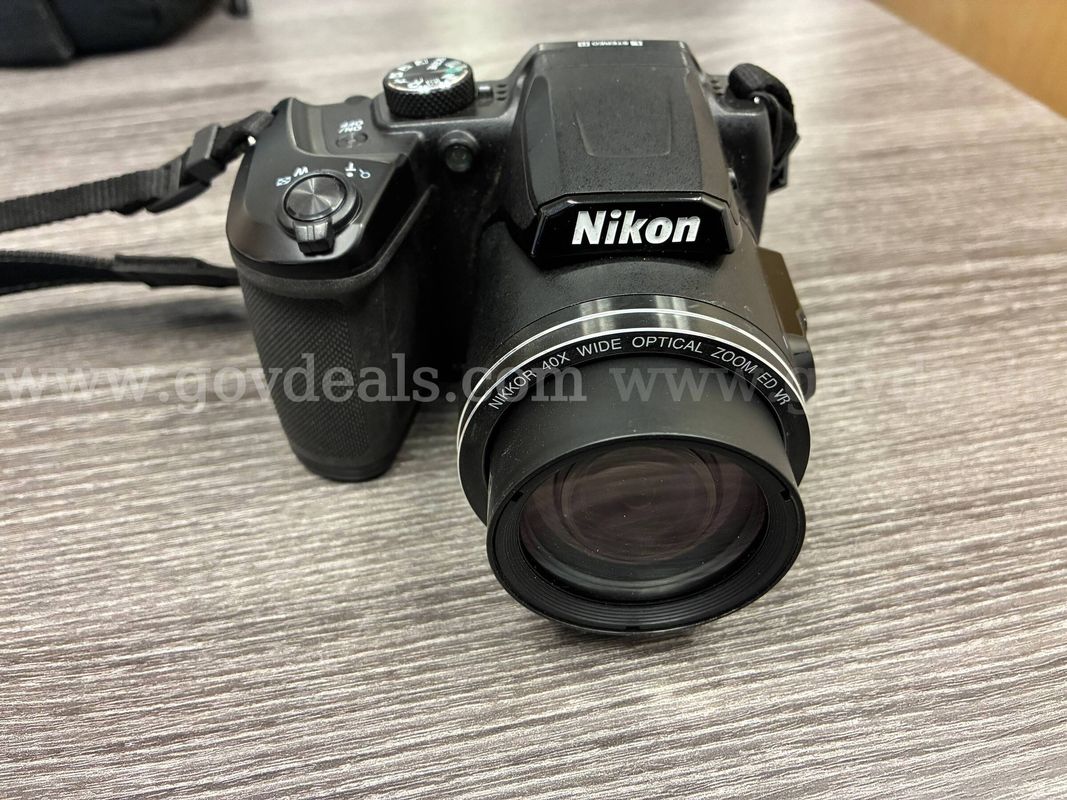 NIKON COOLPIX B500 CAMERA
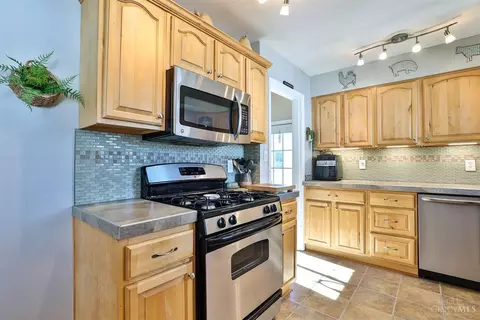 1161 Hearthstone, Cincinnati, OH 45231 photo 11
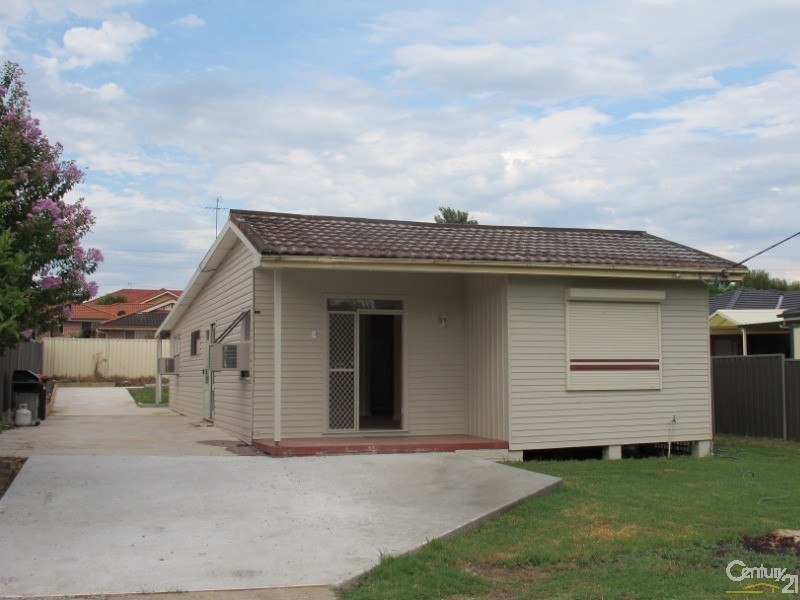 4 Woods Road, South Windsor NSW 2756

...

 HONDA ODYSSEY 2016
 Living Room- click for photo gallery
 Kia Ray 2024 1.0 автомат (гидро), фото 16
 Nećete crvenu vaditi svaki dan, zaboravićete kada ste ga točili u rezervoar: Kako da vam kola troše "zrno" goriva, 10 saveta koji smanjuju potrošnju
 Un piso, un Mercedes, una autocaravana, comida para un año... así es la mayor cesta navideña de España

Exercise objective: Output the lines above exactly, but only those between the line holding "Nećete crvenu vaditi" and the line holding "Un piso, un", inclusive.

Response to the exercise:
 Nećete crvenu vaditi svaki dan, zaboravićete kada ste ga točili u rezervoar: Kako da vam kola troše "zrno" goriva, 10 saveta koji smanjuju potrošnju
 Un piso, un Mercedes, una autocaravana, comida para un año... así es la mayor cesta navideña de España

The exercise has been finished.